### WHAT YOU NEED TO DO
Nothing outside the range is wanted. Repeat exactly the lines below from the one with "Mike and Chris" through the one with "The Pink House 2 Photograph by Dave Mills".

### EXTRACTED RECORDS
§

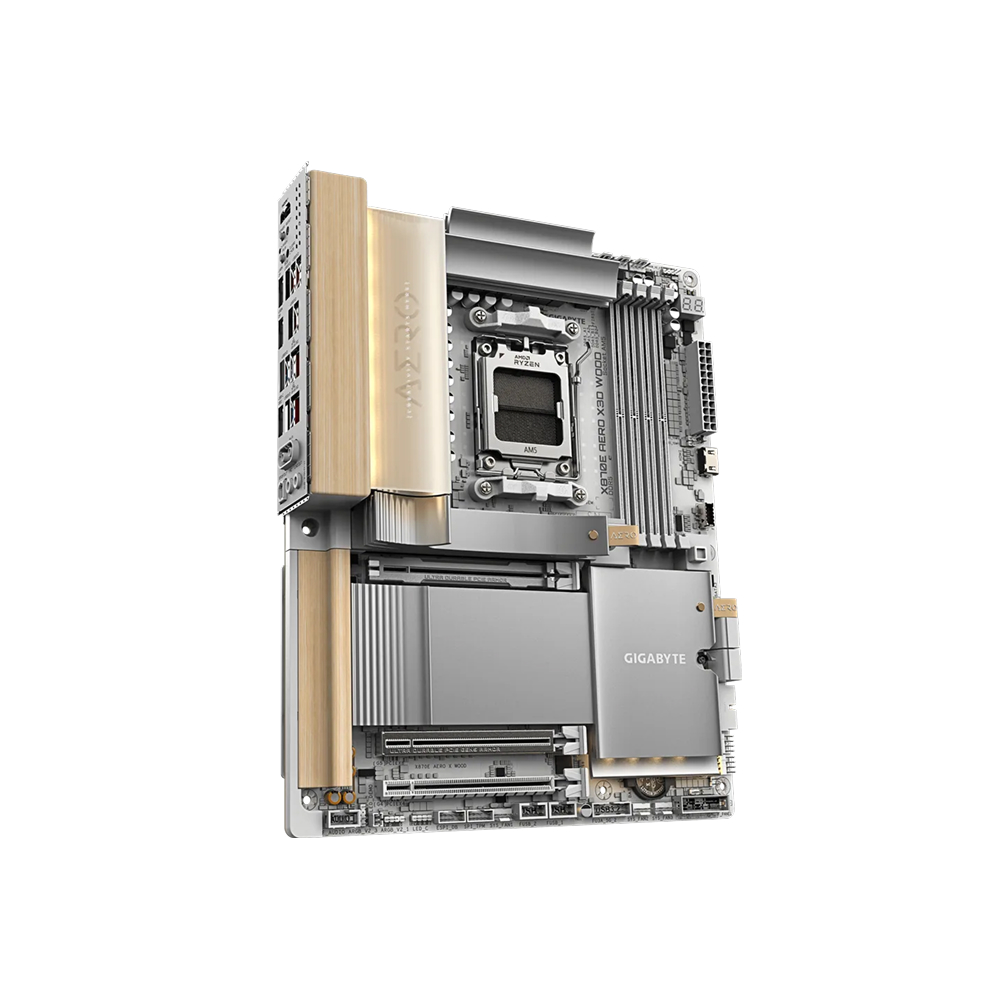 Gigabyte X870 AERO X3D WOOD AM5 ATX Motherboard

§

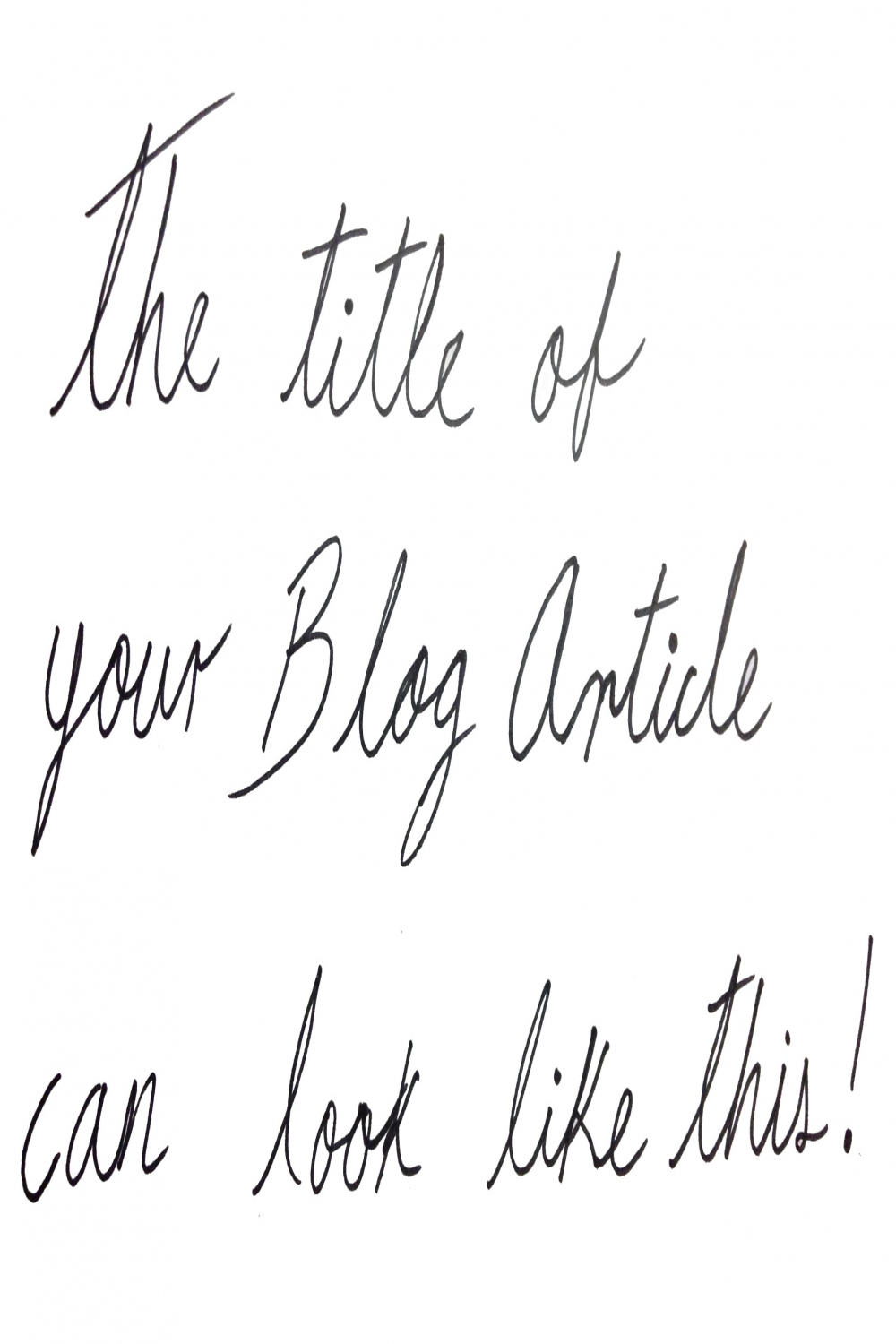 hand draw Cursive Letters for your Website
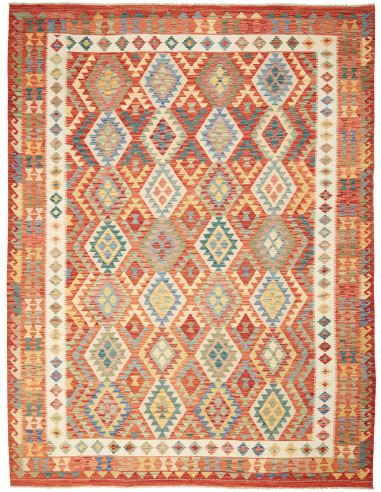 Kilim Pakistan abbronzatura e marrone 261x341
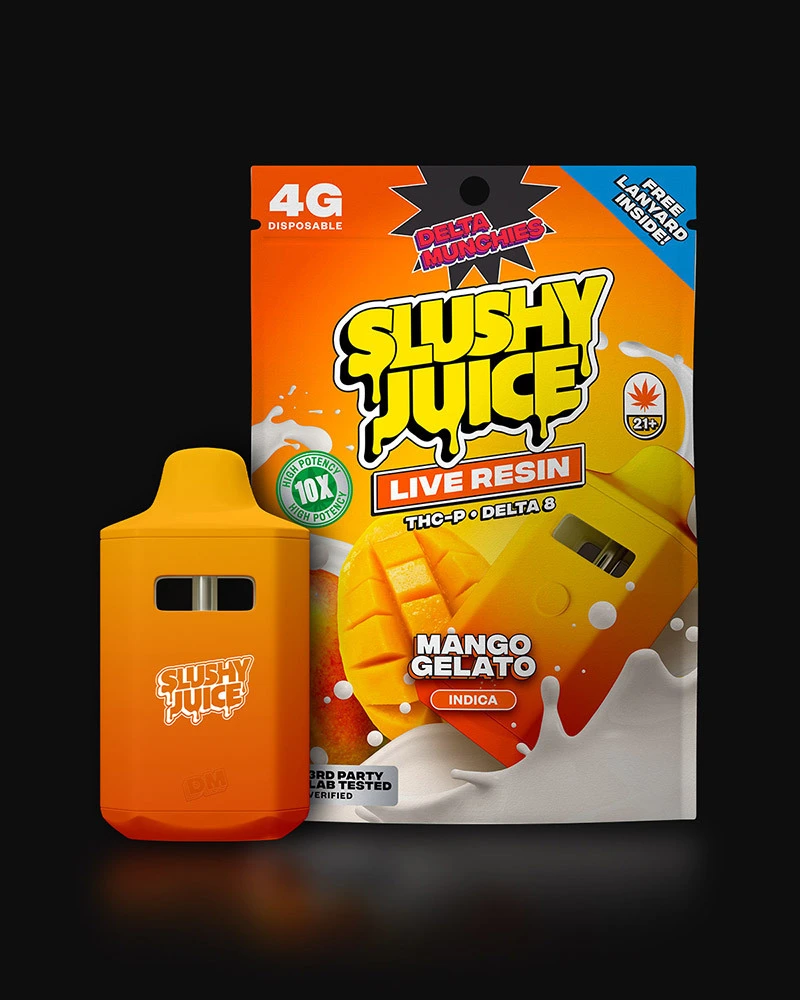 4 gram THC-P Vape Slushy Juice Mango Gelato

§

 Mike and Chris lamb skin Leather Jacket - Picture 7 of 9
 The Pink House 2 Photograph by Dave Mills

§

### EXERCISE ANSWER
 Mike and Chris lamb skin Leather Jacket - Picture 7 of 9
 The Pink House 2 Photograph by Dave Mills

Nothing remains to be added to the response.